§ **What is required**
Omitting the pictures, print every line below exactly as it stands.

§ **Source material**

::::

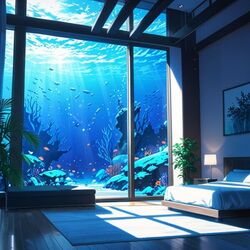 Cover of Crystal Currents: Chillout Music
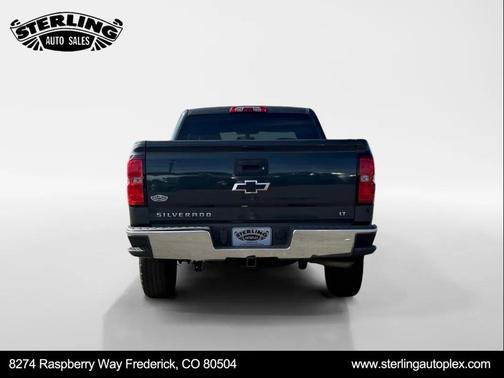 2017 Chevrolet Silverado 1500 1LT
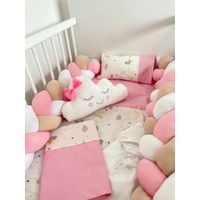 Ajuar de Cuna Completo Cuna Colecho 55x90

::::

§ **Response below**
 Cover of Crystal Currents: Chillout Music
 2017 Chevrolet Silverado 1500 1LT
 Ajuar de Cuna Completo Cuna Colecho 55x90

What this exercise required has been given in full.